• _Task details_
Dropping every picture, set down exactly the lines in the entries below, starting with the line with "Sydney Harbour Bridge" and going on through the line with "Completo smanicato da".

• _Data section_
══════════
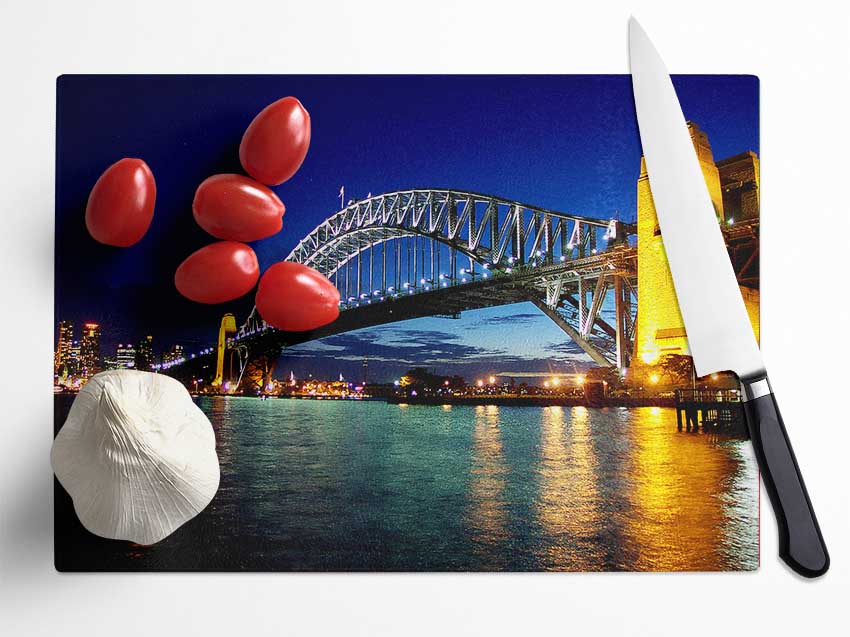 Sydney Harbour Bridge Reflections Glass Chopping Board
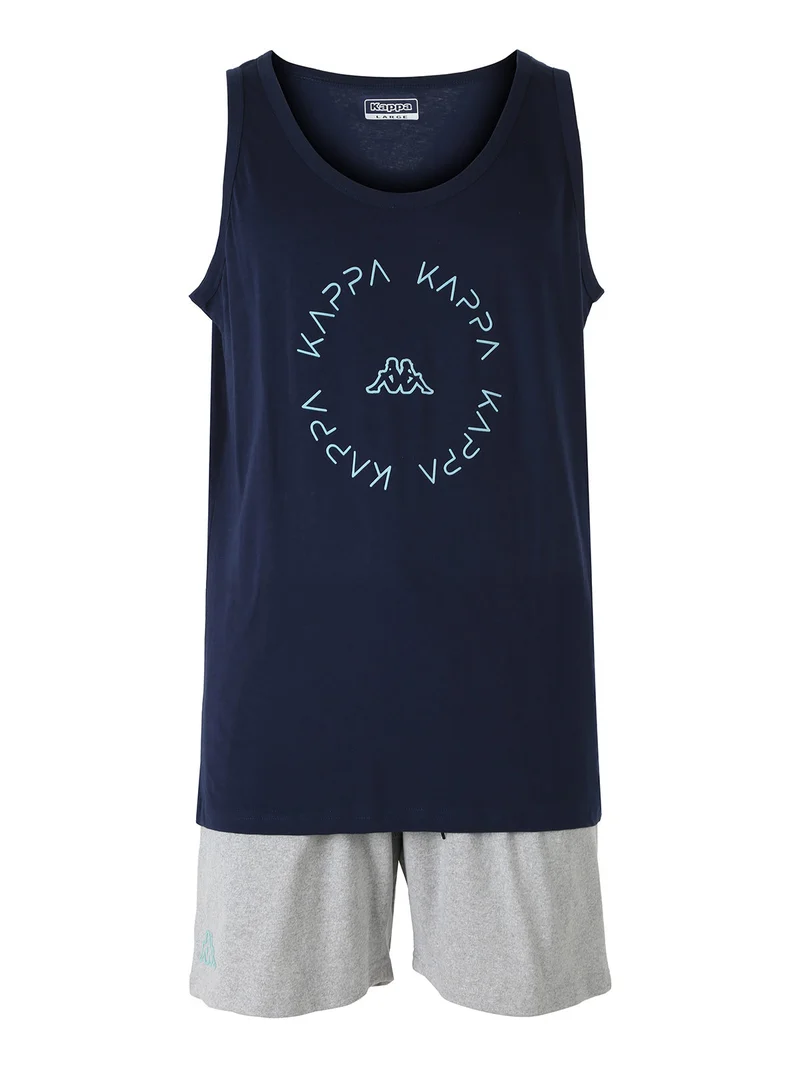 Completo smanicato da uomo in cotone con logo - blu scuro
══════════
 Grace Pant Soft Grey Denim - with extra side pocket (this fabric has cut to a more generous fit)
══════════
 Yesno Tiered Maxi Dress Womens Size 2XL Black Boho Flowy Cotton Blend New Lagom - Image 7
══════════
• _Answer space_
 Sydney Harbour Bridge Reflections Glass Chopping Board
 Completo smanicato da uomo in cotone con logo - blu scuro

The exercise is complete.